横浜が抱え続けた“トラウマ” 2年連続で決勝で敗退…引き寄せた過去との決別

3点差を逆転…東海大相模に昨夏の雪辱
2年分の悪夢を振り払った――。第107回全国高校野球選手権の神奈川大会は27日、横浜スタジアムで決勝戦が行われ、今春選抜覇者の横浜が東海大相模を11-3で下し、3年ぶり21度目となる夏の甲子園出場を決めた。昨年の決勝で敗れたライバル校にリベンジ。松坂大輔投手(元西武)を擁した1998年以来となる同校2度目の春夏連覇を目指す。
ビハインドの展開でも焦りはなかった。3点先制を許した直後の4回、左翼で先発出場の奥村頼人投手(3年)が右翼席へ2戦連発となる2ランを放って反撃開始。江坂佳史外野手(2年)の右翼線適時二塁打で同点に追いつき、駒橋優樹捕手(3年)の中前適時打で勝ち越した。すぐさま逆転に成功すると、5回にも3点追加。
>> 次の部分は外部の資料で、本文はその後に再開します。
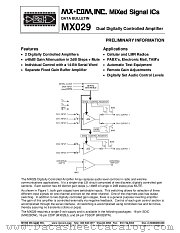 MX029DW datasheet pdf MXCOM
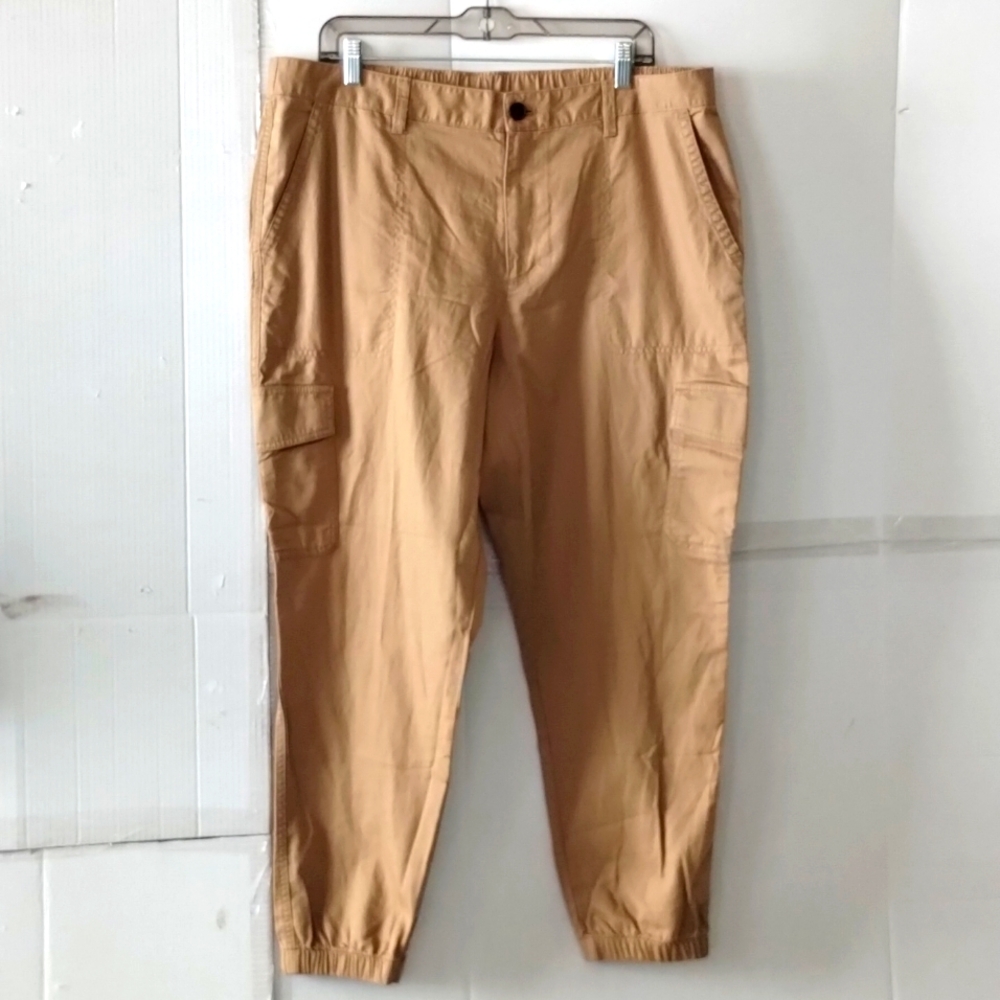 GAP Girlfriend Brown Jogger Pants SZ 18 Back Elastic Waist 6 Pockets Soft Comfy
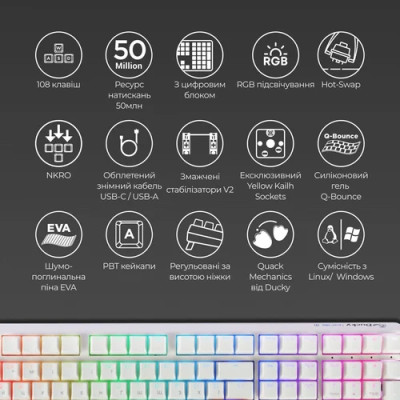 Ducky One 3 TKL RGB Cherry MX Blue (DKON2187ST-CUAPXPWWWSC1) White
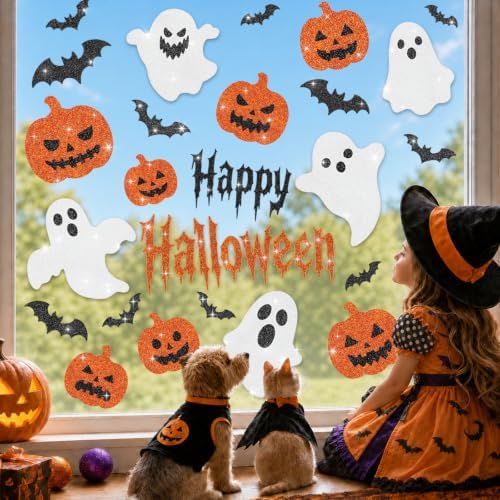 Glitter Halloween Window Clings Decor, Cute Ghost Pumpkin Stickers Decals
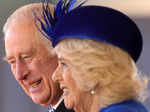 London: Britain's King Charles III and Camilla, the Queen Consort smile during a...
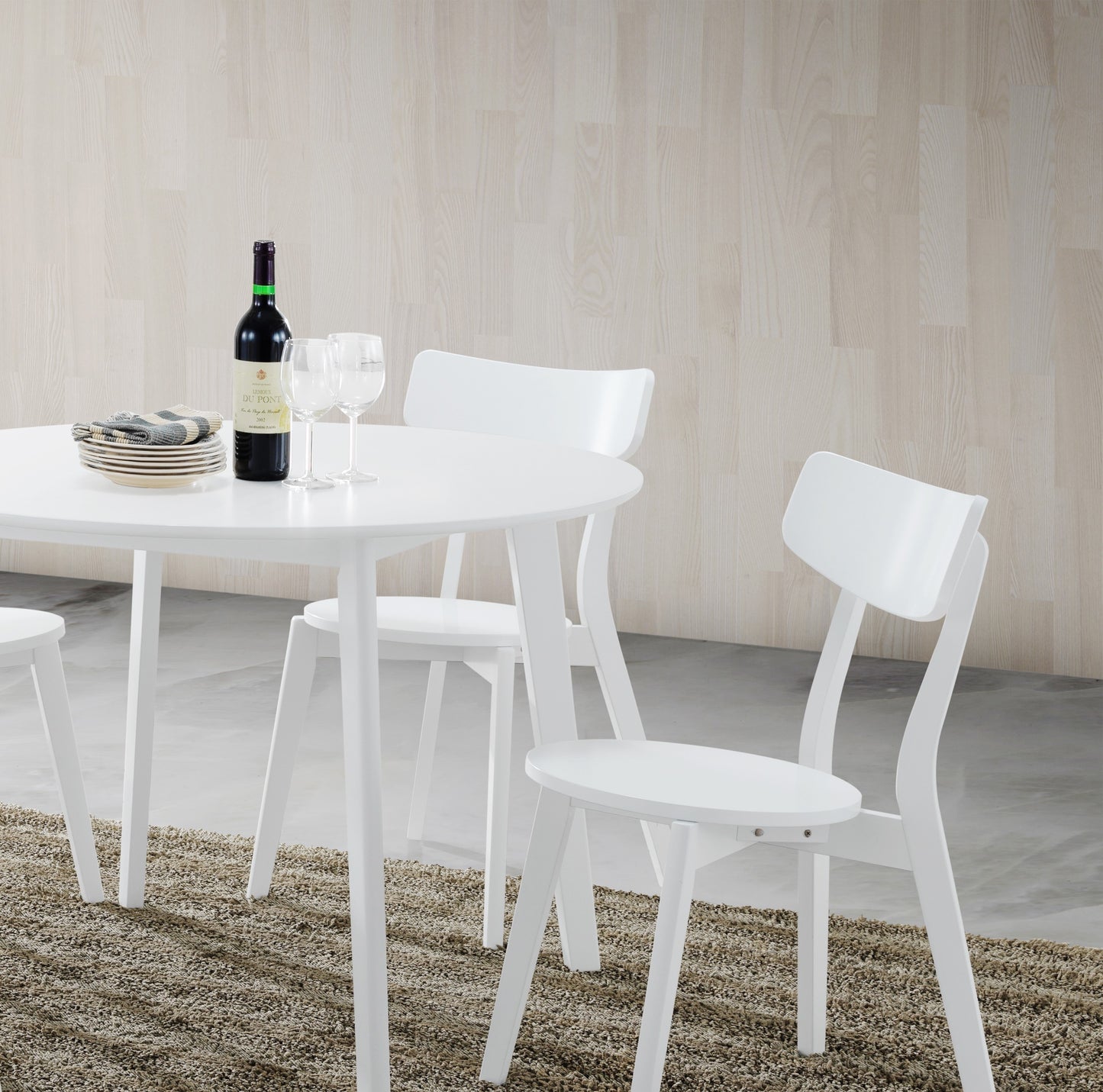 Contemporary Round Dining Table With Wood Finish White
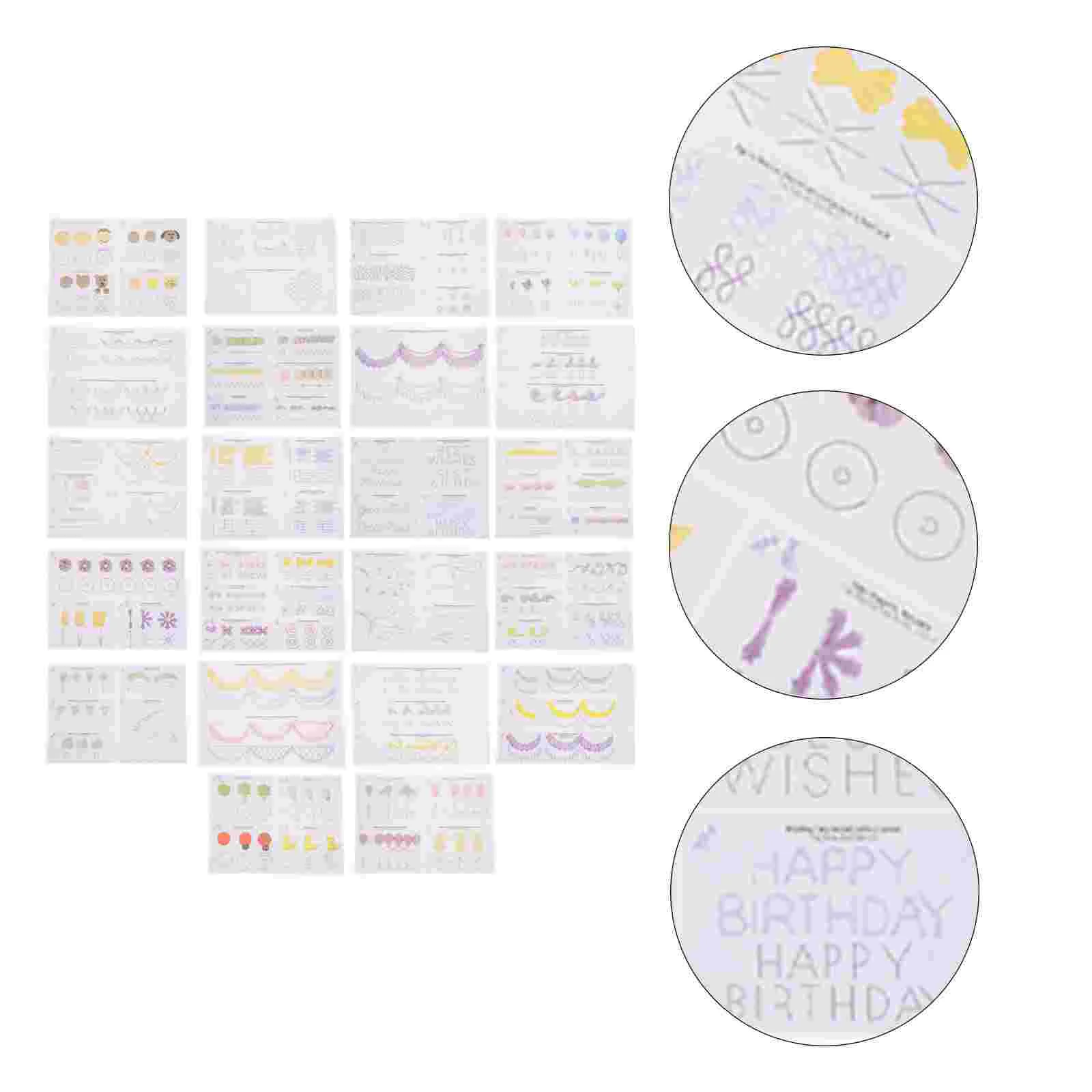 12 Sheets DIY Decorating Practice Board Drawings Pastry Piping Frosting 285x21cm Cake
試合の主導権を一気に奪い返した。
村田浩明監督は「凄い当たりの3ランを打たれて球場の雰囲気が一変したけど、焦ることはなかったです」と説明。「優勝しようと意識したらドタバタしたかもしれない。だから『9回まで長い旅だよ。しっかり歩いていこう』と話をしました。『ここから1点1点取っていこう』と言っていたんですけど、こういう舞台はお祭りみたいなもので、流れが来たらどんどんいく。一気に逆転して、強い勝ち方をしてくれました」と目を細めた。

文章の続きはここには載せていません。